→ **Source material**
***

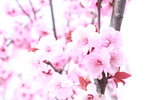 榆叶梅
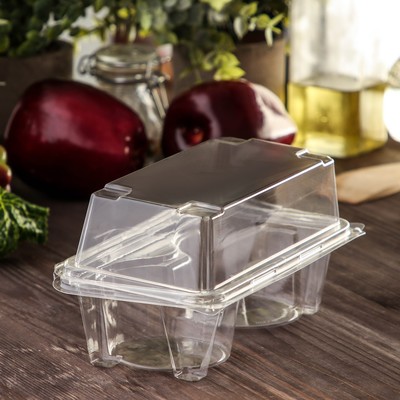 Контейнер одноразовый с неразъёмной крышкой ПР-ПК62С2, 2 секции, пластик, 18.8×13.8 см, прозрачный
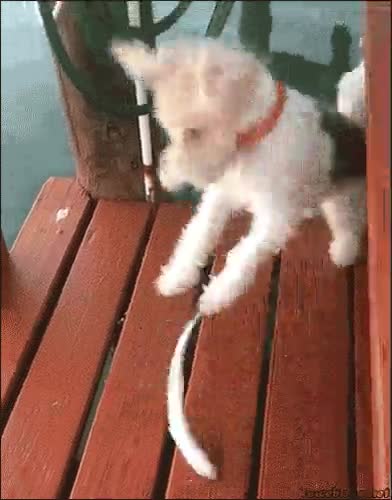 Enlace a Le ha salido caro el intento de probar el pescado a este pobre perro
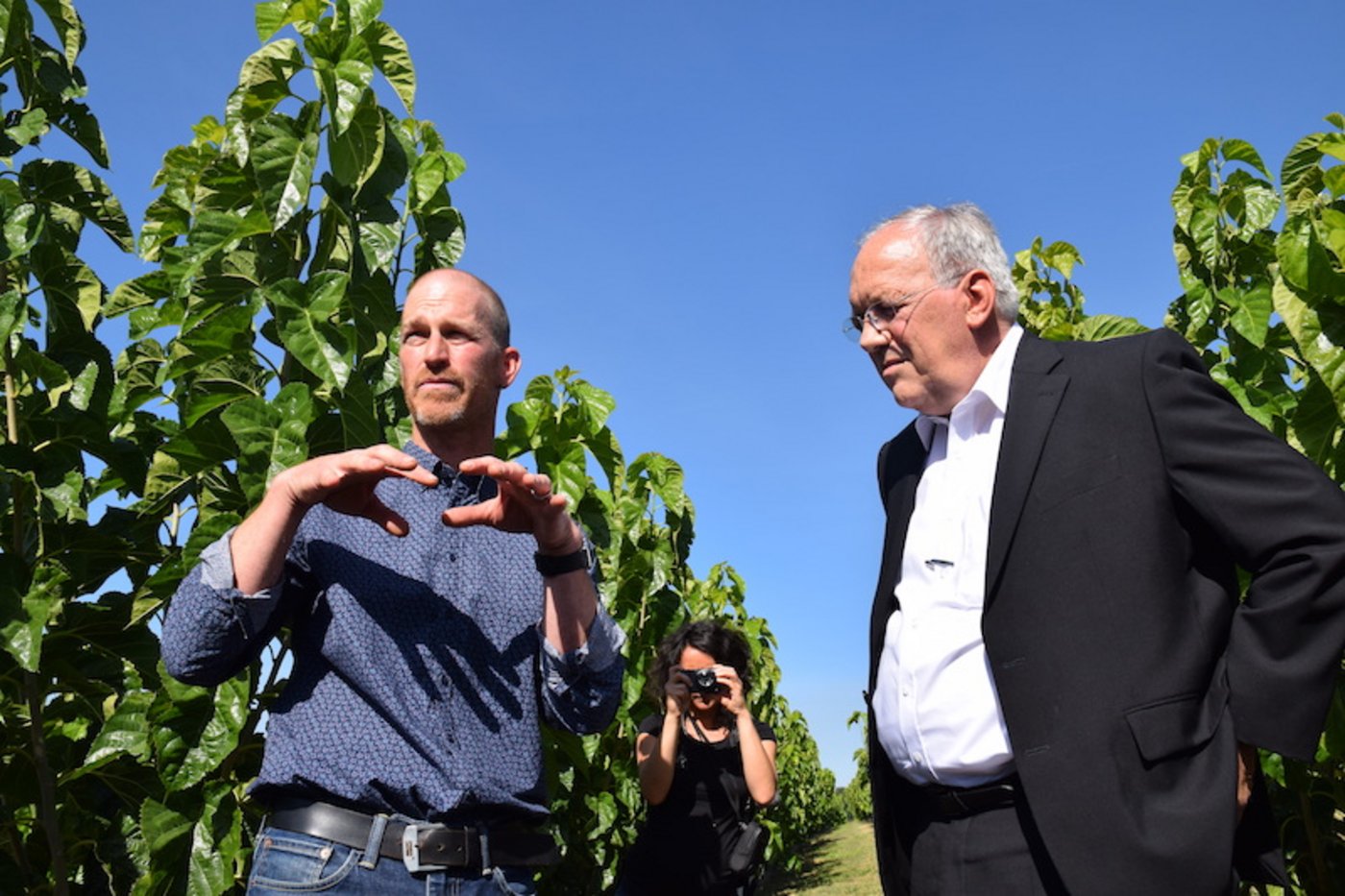 Das Futter für die Seidenraupen stammt von den hofeigenen Maulbeerbäumen. (Bild mos)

***

→ **Task**
Exclude every picture and copy the remaining data exactly.

→ **Reply**
 榆叶梅
 Контейнер одноразовый с неразъёмной крышкой ПР-ПК62С2, 2 секции, пластик, 18.8×13.8 см, прозрачный
 Enlace a Le ha salido caro el intento de probar el pescado a este pobre perro
 Das Futter für die Seidenraupen stammt von den hofeigenen Maulbeerbäumen. (Bild mos)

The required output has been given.